There is a least factor 10 between using @turbo or not.

# mwe_struct_offset.jl
using LoopVectorization, OffsetArrays, StructArrays, BenchmarkTools

const StructOffset = StructArray{ComplexF64, 2, NamedTuple{(:re, :im), Tuple{OffsetMatrix{Float64, Matrix{Float64}}, OffsetMatrix{Float64, Matrix{Float64}}}}, Int64}
function ghost(dpsi::StructOffset, psi::StructOffset, param, time::Float64)
    # simple lattice model 
    m, Jt, Js, lat_size = param
    (L, M) = lat_size
   
    @turbo for t in 1:M, x=1:L
        interaction_u_re = -Jt*(psi.re[x,t+1] + psi.re[x,t-1])
        interaction_u_im = -Jt*(psi.im[x,t+1] + psi.im[x,t-1])

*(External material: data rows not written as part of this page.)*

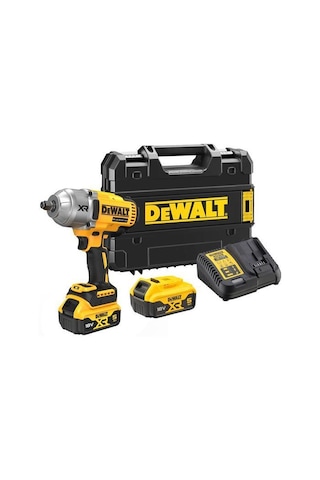 Dewalt DCF900P2T 18V XR Li-ion 5Ah Şarjlı Kömürsüz Somun Sıkma Makinesi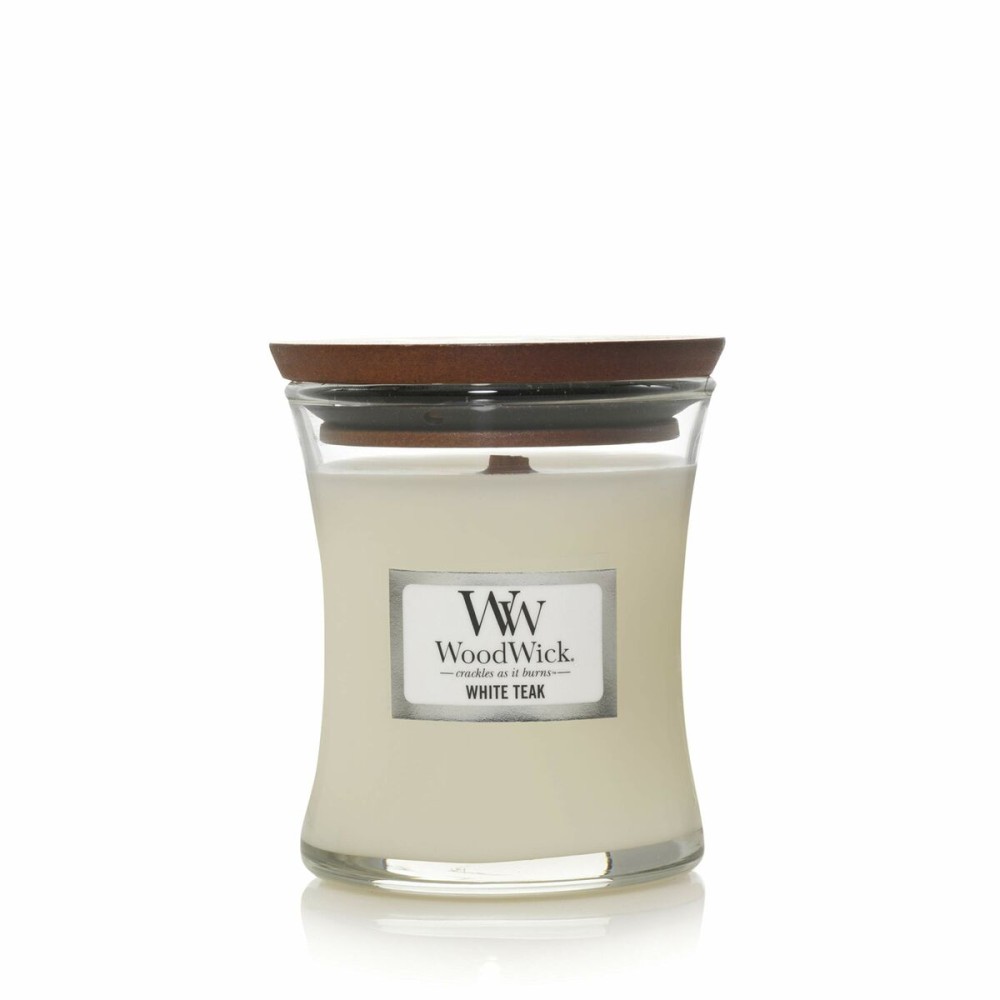 Duftkerze Woodwick Core Mini White Teak 85 g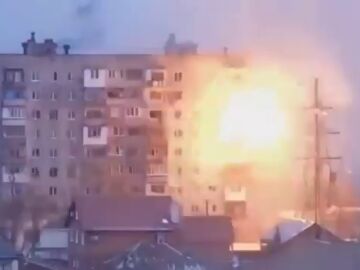 Así es el vídeo con el cual Ucrania pide que se abran nuevos corredores humanitarios Así es el vídeo con el cual Ucrania pide que se abran nuevos corredores humanitarios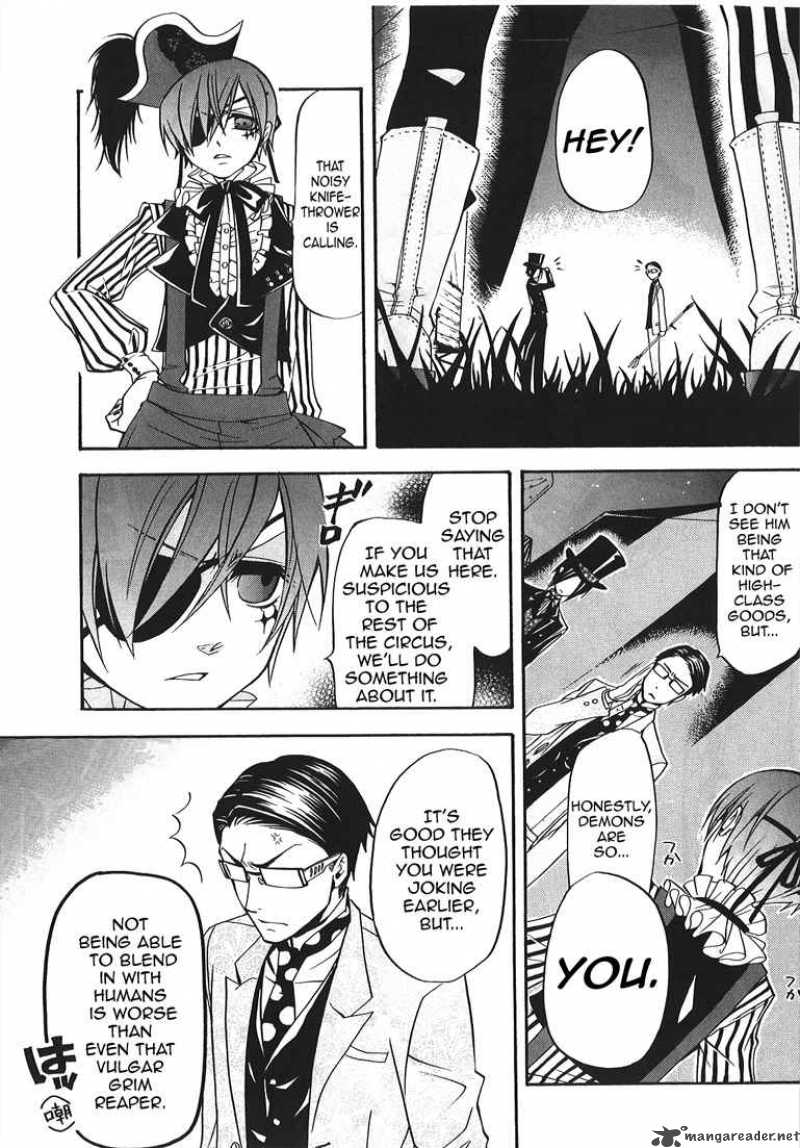 Read Kuroshitsuji Manga Online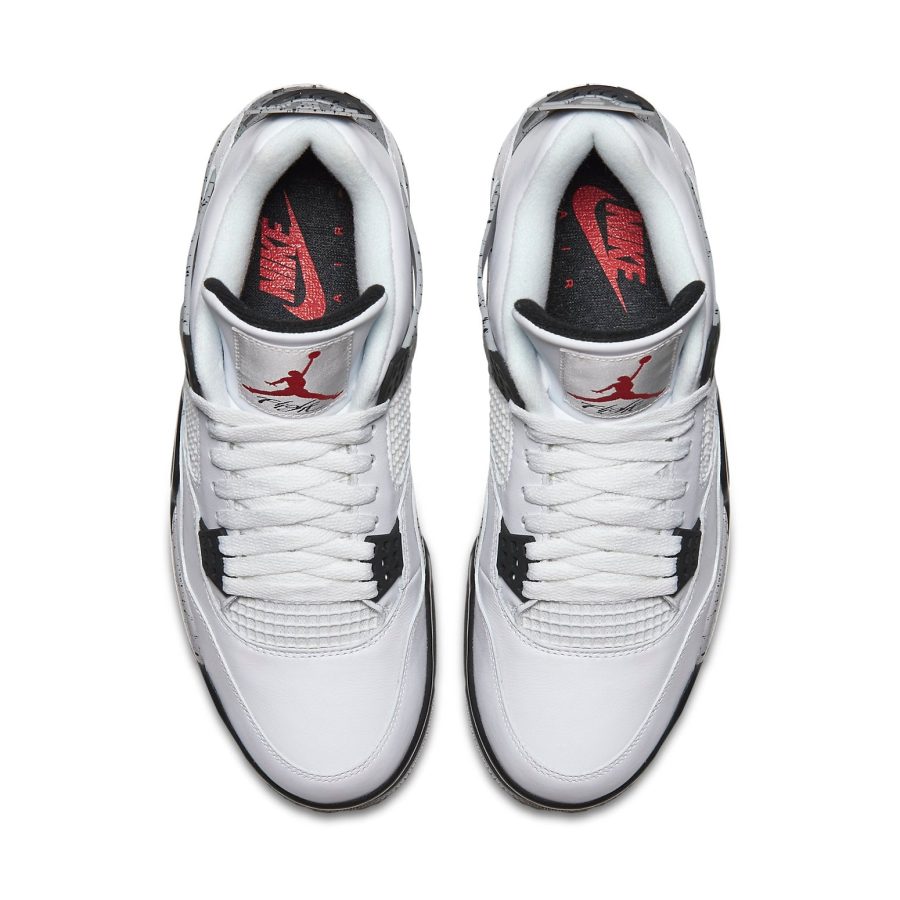 Air Jordan 4 Retro OG ‘White Cement’
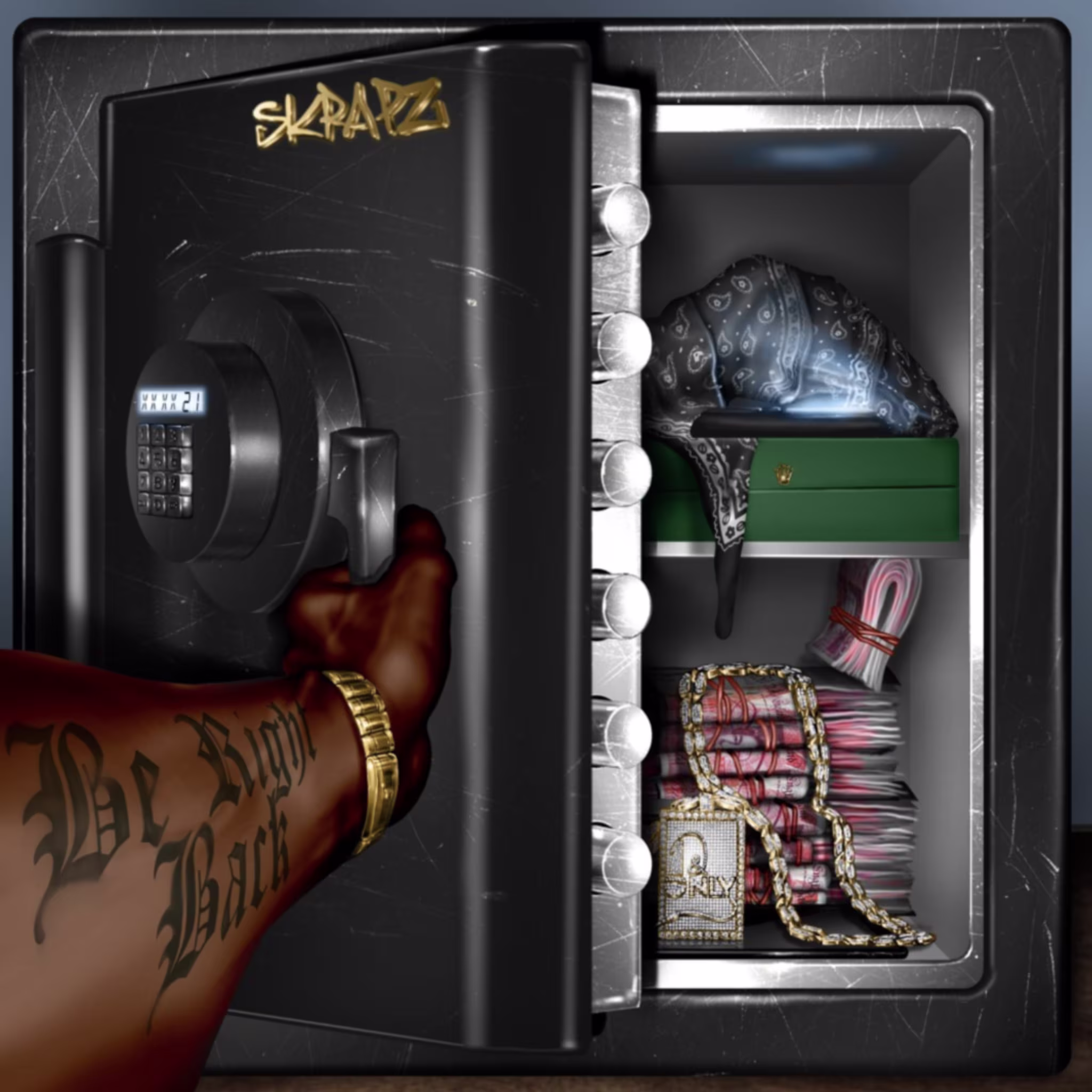 Skrapz (credit: 1&Only)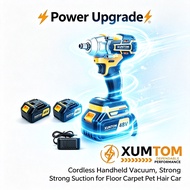 ⚡Power Upgrade⚡ DAGMARA DIW04-300 Brushless Impact Wrench Cordless Heavy Duty 300N.m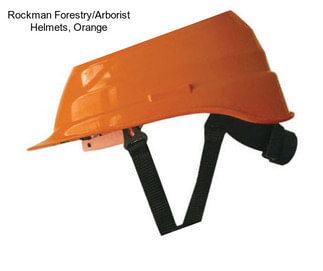 Rockman Forestry/Arborist Helmets, Orange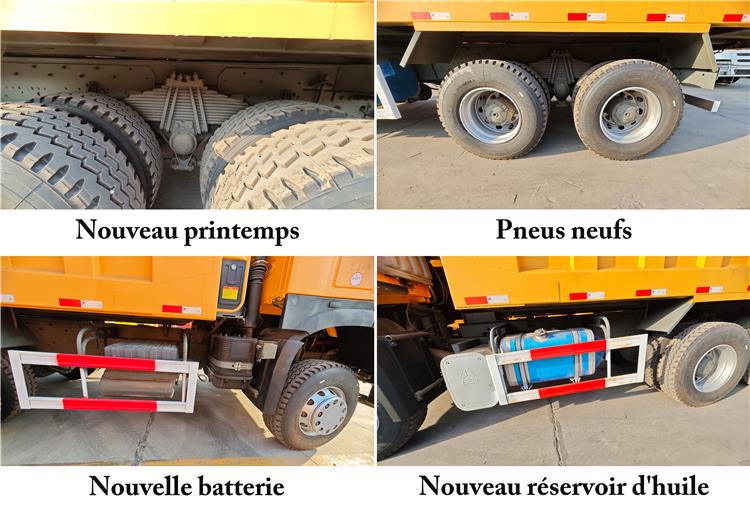 Camion Occasion Benne Howo Camion 6x4 2019 À Vendre In Cameroun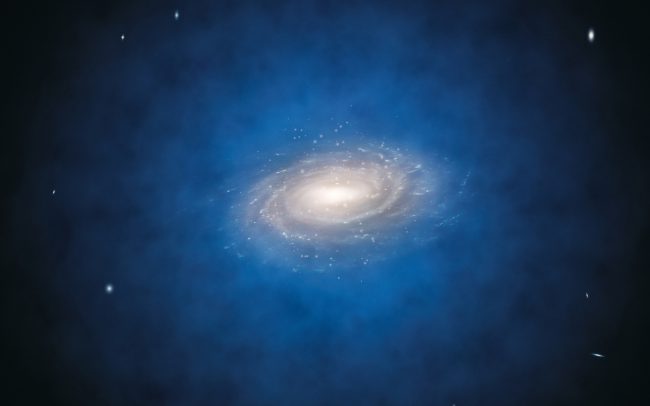 Фото - Ученые выяснили, откуда взялись звезды в гало Млечного Пути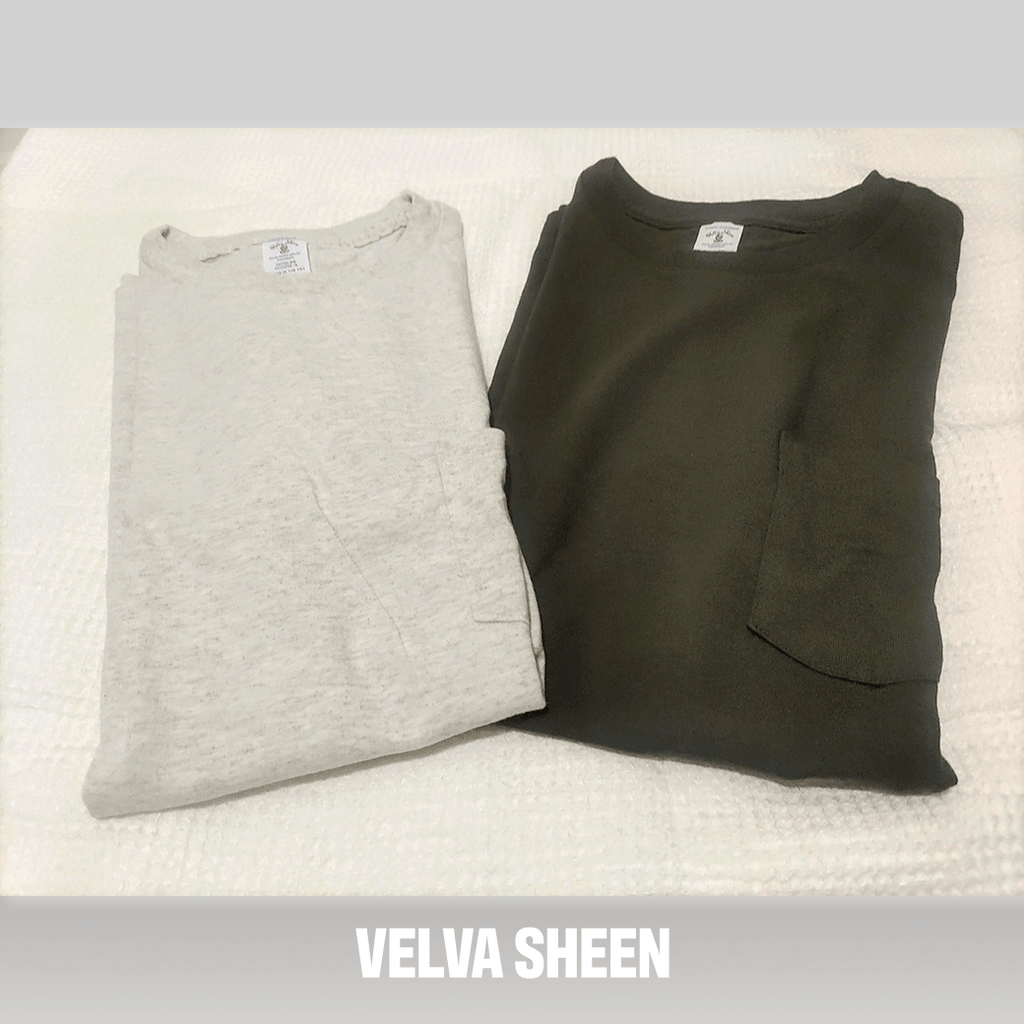 VELVA SHEEN　2PAC CREW-NECK T-SHIRTS WITH POCKET　 - ALBUM RICE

        interaction_u_re += -Js*(psi.re[x+1,t] + psi.re[x-1,t])
        interaction_u_im += -Js*(psi.im[x+1,t] + psi.im[x-1,t])

        dpsi.re[x,t] =  (m*psi.re[x,t] + interaction_u_re)
        dpsi.im[x,t] = -(m*psi.im[x,t] + interaction_u_im)
    end
end

L = 10
M = 10

ghost_psi  =  rand(ComplexF64,L+2,M+2)
psi_struct  = StructArray(OffsetArray(ghost_psi , -1, -1))
dpsi_struct = similar(psi_struct)

# applying circular/periodic boundary condition
psi_struct[1:L,0]   = psi_struct[1:L,M]
psi_struct[1:L,M+1] = psi_struct[1:L,1]
psi_struct[0,1:M]   = psi_struct[L,1:M]
psi_struct[L+1,1:M] = psi_struct[1,1:M]

param = (1.0, 1.0, 1.0, (L,M))

# with turbo
@btime ghost($dpsi_struct, $psi_struct, $param, 0.0)
76.352 ns (0 allocations: 0 bytes)
# without turbo
@btime ghost($dpsi_struct, $psi_struct, $param, 0.0)
957.318 ns (0 allocations: 0 bytes)
2 Likes

There are also tests without using StructArrays here:

Unfortunately, it all requires reinterpret and manually writing the complex operations.
The LoopVectorization rewrite will eliminate the need for this, but that’s probably at least a year away.

In the mean time, PRs for better documentation are always welcome.

2 Likes

StructArrays or reinterpret, which one is the better solution with LoopVecterization?

Depends on the rest of your code.
All else equal, StructArrays is better because that is the optimal data layout for SIMD. LV will need extra shuffles to permute the data otherwise.

But is the rest of your code prefers regular arrays, shuffling a bit within the loop could be faster.

2 Likes